> _TASK DETAILS_:
What is needed is an exact copy of the lines from the one containing "House For Sale In Soweto - Photo 6" through the last line of the records, with no pictures.

> _STORED DATA_:
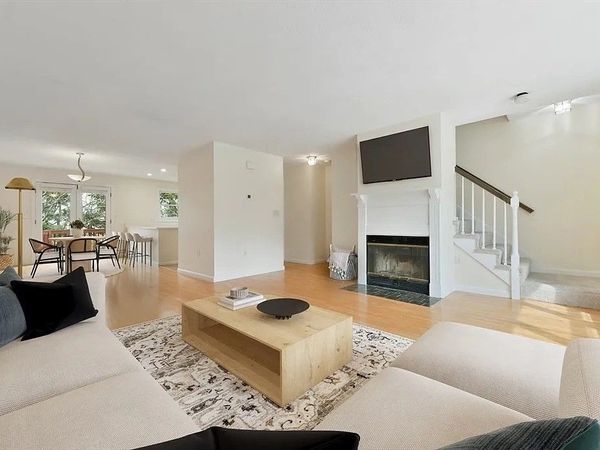 1047 Washington Street, Unit 2, Newton, MA 02465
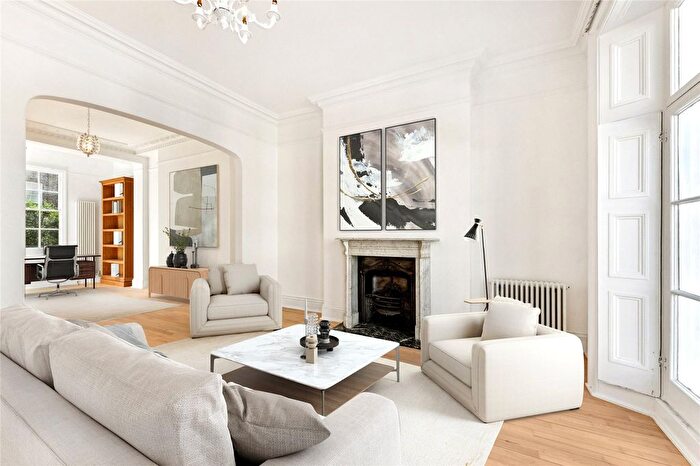 5 Bedroom Terraced House To Rent In Walpole Street, Chelsea, London, SW3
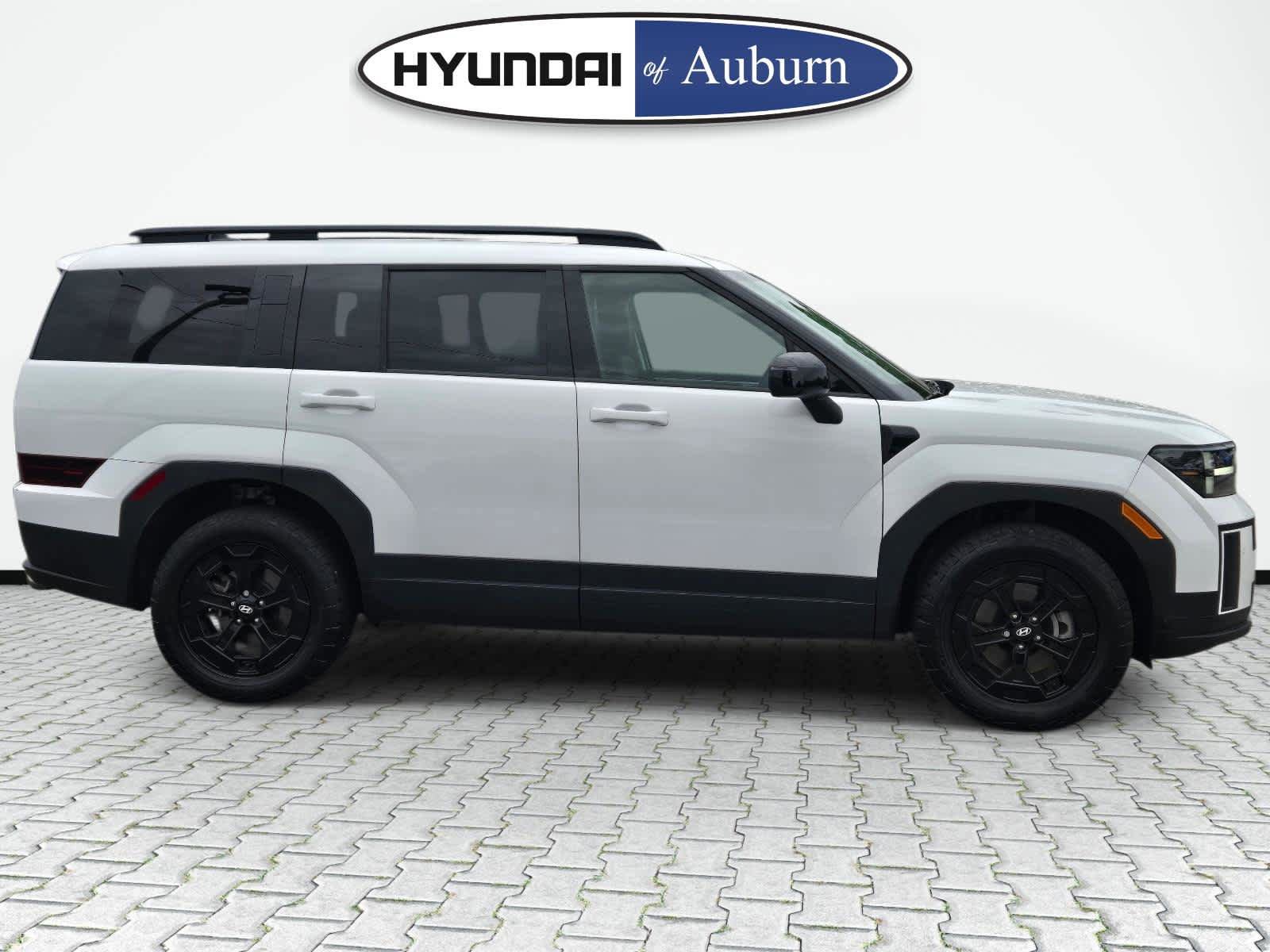 Used 2024 Hyundai Santa Fe XRT AWD/4WD image 3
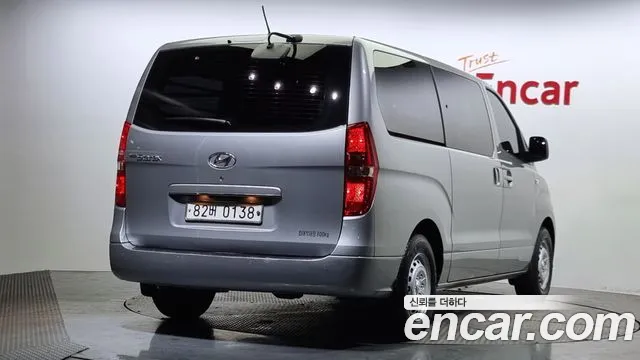 Hyundai The New Grand Starex 2018 Серебристо-серый из Кореи, фото 3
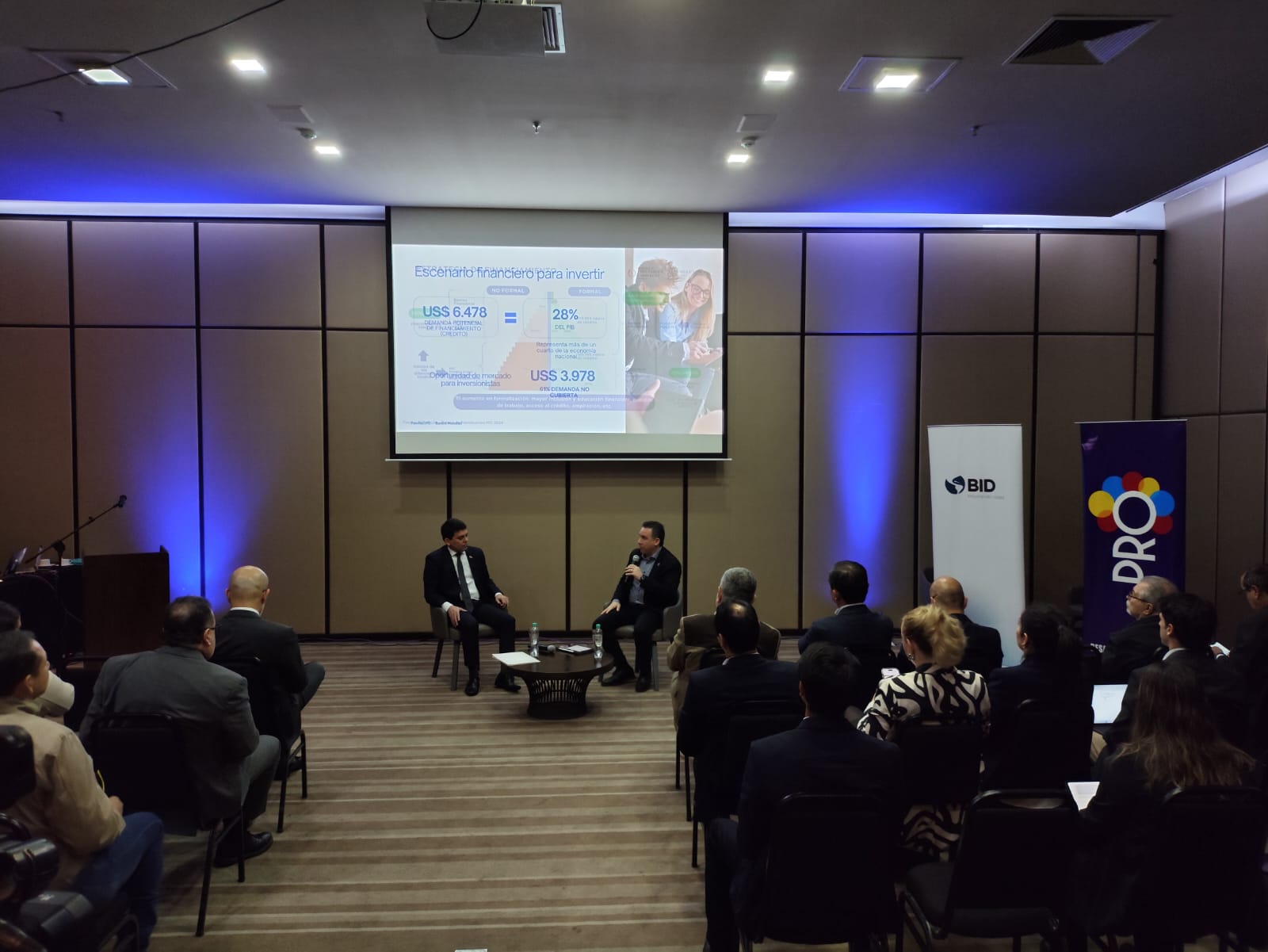 Formalización y acceso a créditos sigue siendo un gran desafío para las mipymes en Paraguay, lamentaron en foro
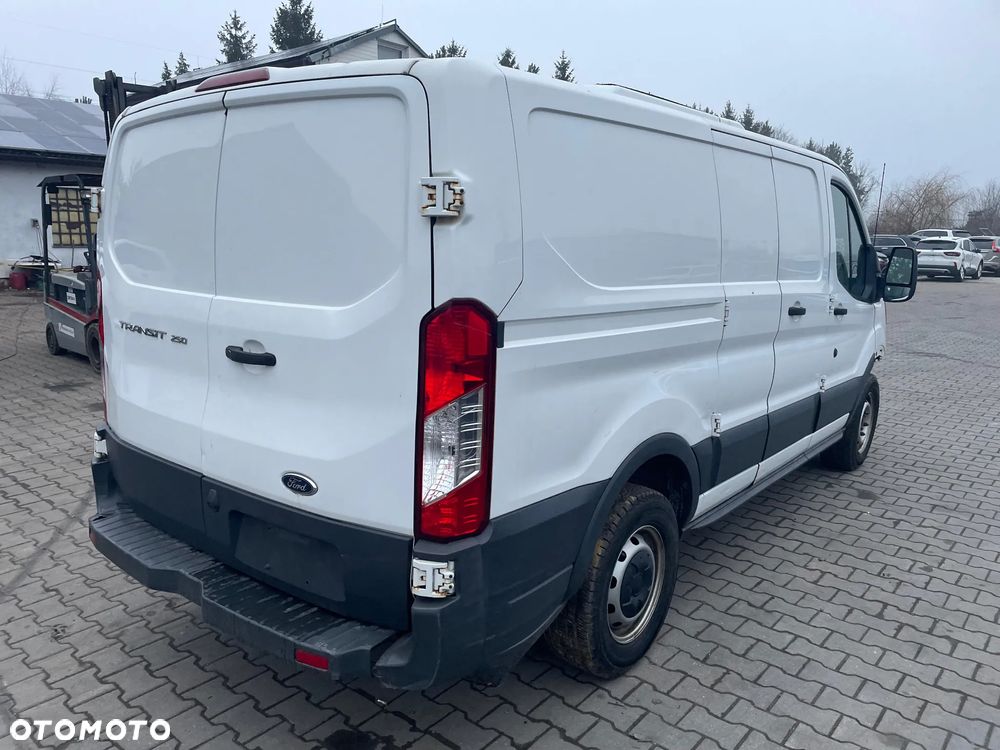 Ford Transit - 5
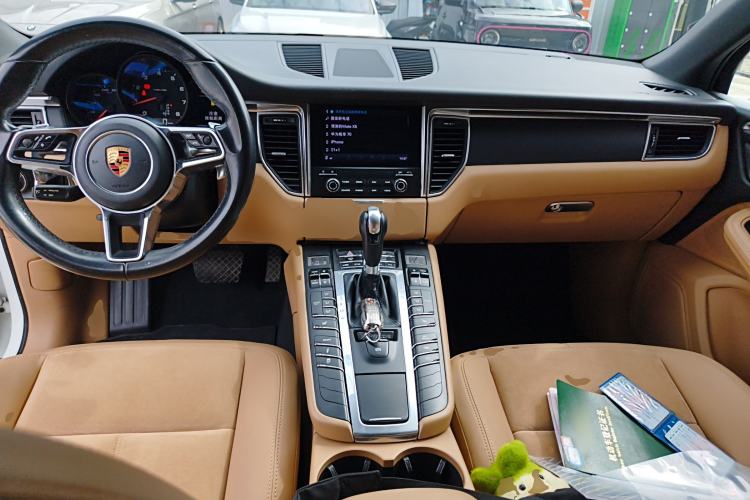 Used Porsche Macan 2017 Macan 2.0T
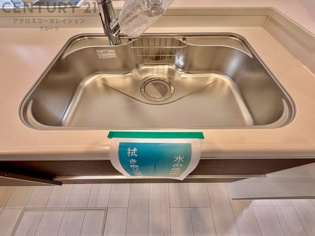 大きなシンクでお鍋などの大きな調理器具を洗う際にも便利です。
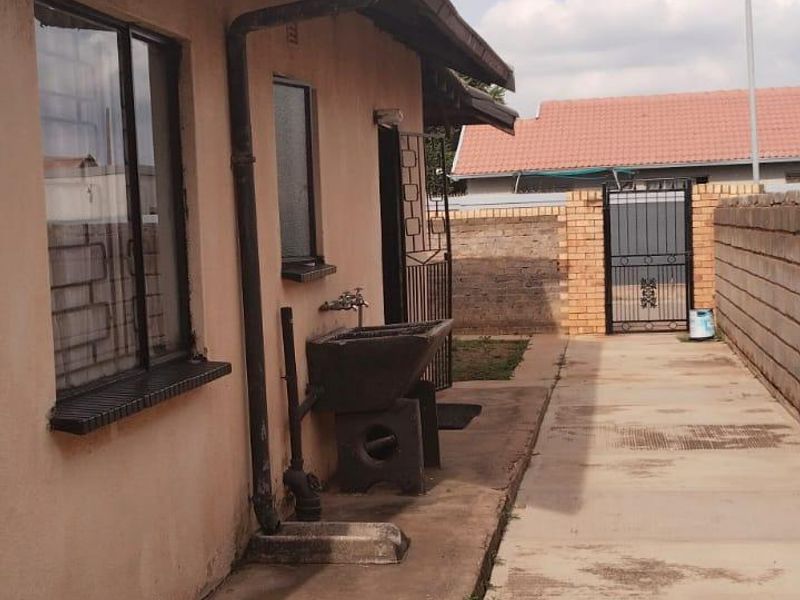 House For Sale In Soweto - Photo 6
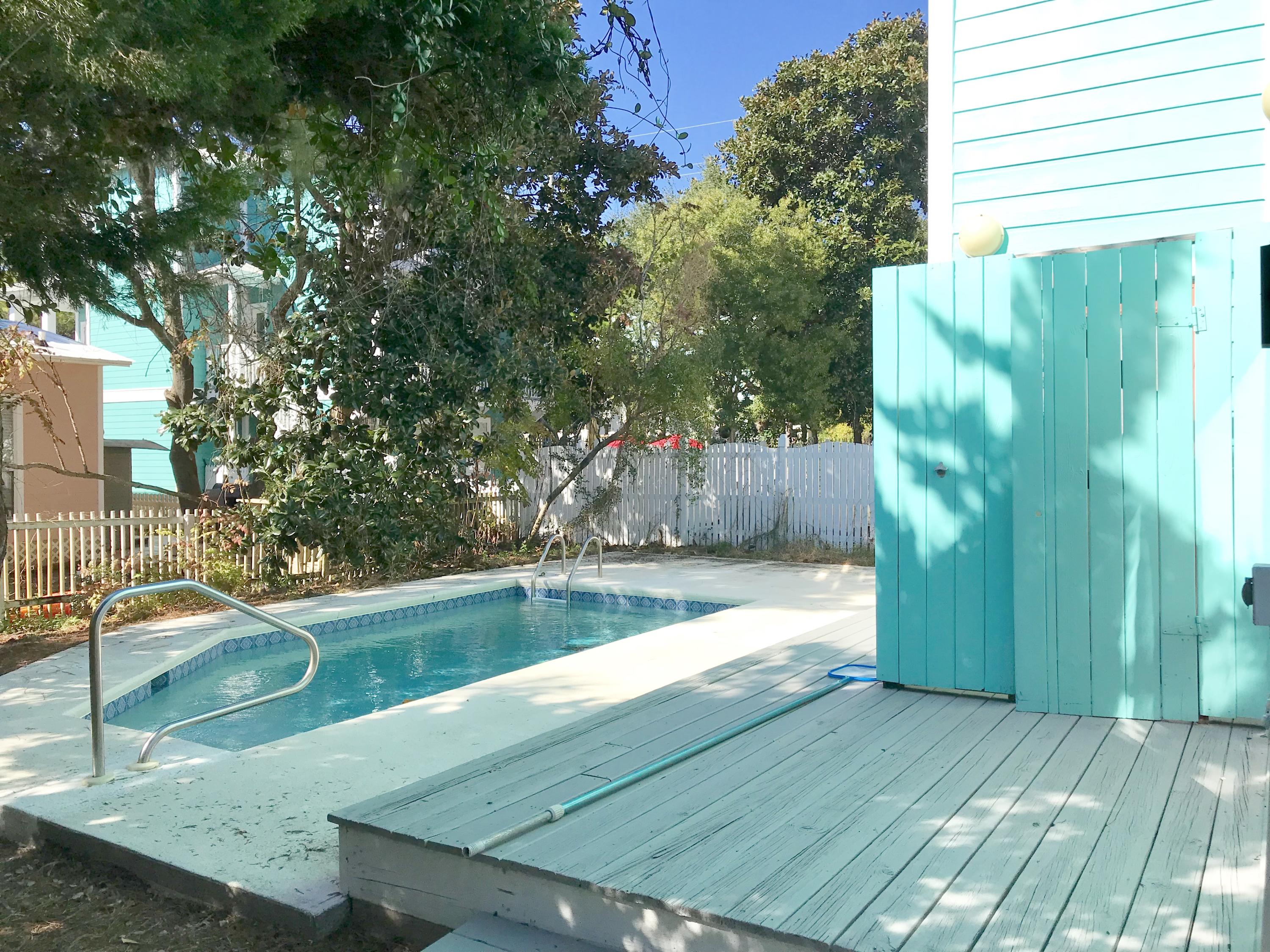 SUNRISE BEACH - Residential Lease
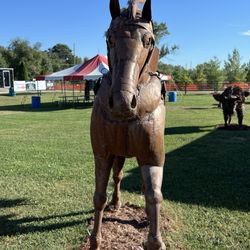 Hidden Falls Cabins & RV Park - Horse sculpture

> _TASK OUTPUT_:
 House For Sale In Soweto - Photo 6
 SUNRISE BEACH - Residential Lease
 Hidden Falls Cabins & RV Park - Horse sculpture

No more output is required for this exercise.